Project Validation statistics

Note: We are transitioning Active Learning's functionality to Review Center. The Active Learning application will transition into a read-only application in November 2024. To prepare, we recommend beginning your new active learning projects in Review Center.

Starting on August 27, 2024, creating new Active Learning projects is disabled. Previously created projects are still fully functional.

Active Learning's Project Validation feature provides four metrics for evaluating your review coverage. Together, these metrics can help you determine the state of your Active Learning project. Once you have insight into the accuracy and completeness of your relevant document set, you can make an educated decision about whether to stop the Active Learning workflow or continue review.

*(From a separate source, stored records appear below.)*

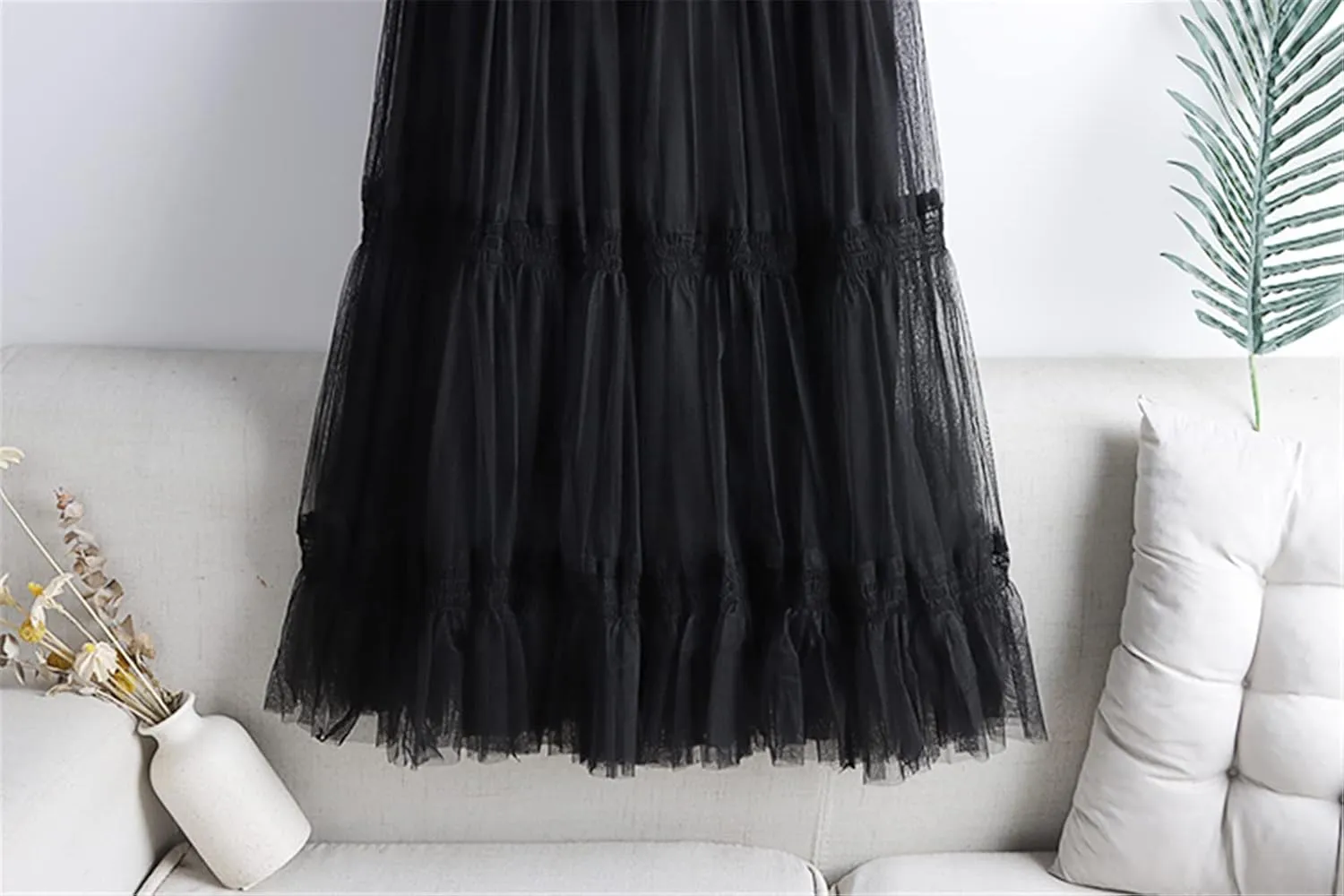 Autumn Winter Fashion Sweet Tulle Skirt Womens Cute A-Line Mesh Skirts Female Midi Long Pleated Skirt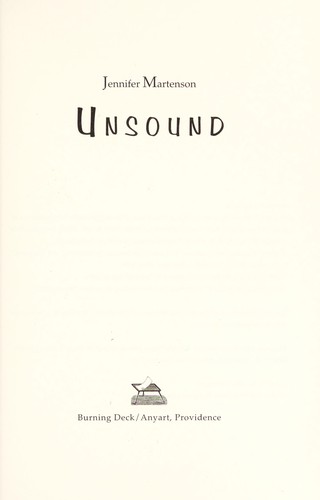 Cover for Unsound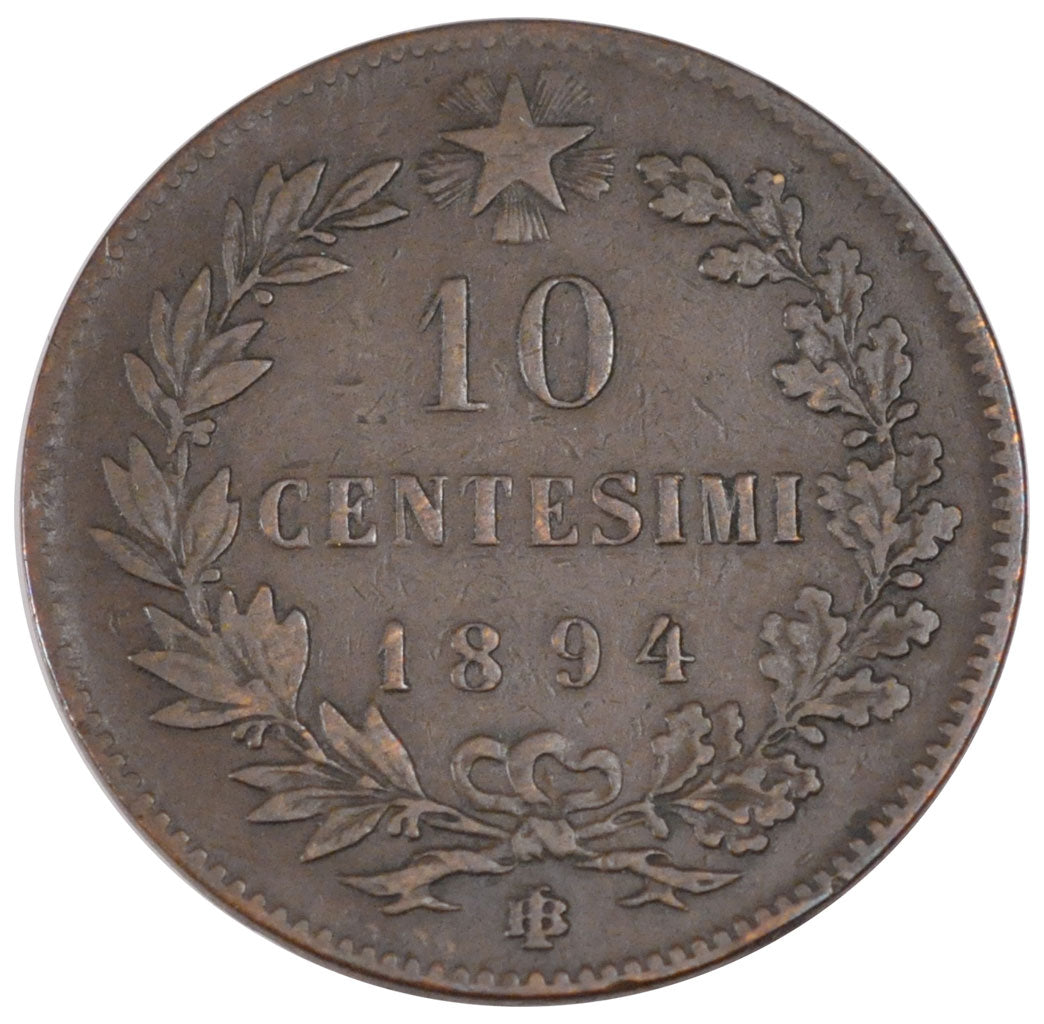ITALY, 10 Centesimi, 1894, Birmingham, KM #27.1, EF(40-45), Copper, 9.83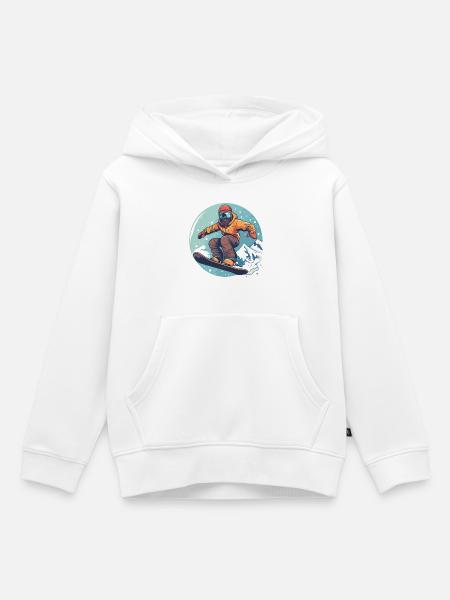 Snowboarding Grafik - Kinder Premium Organic Hoodie - Weiß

For instructions on how to run Project Validation, see Project Validation and Elusion Testing.

See these related pages:

Active Learning: Project Validation Strategies in Active Learning

Defining elusion, richness, recall, and precision

Project Validation centers around four statistics, which are defined as follows:

  • Elusion rate - the percentage of documents coded relevant in the uncoded, low-ranking portion of the sample. The elusion rate results are displayed as a range that applies the margin of error to the sample elusion rate, which is an estimate of the discard pile elusion rate. The rate is rounded to the nearest hundredth of a percent.
  • Richness - the percentage of relevant documents across the whole sample. This is calculated by dividing the number of positive-coded documents in the sample by the total number of documents in the sample. This allows us to predict a richness range for the whole project.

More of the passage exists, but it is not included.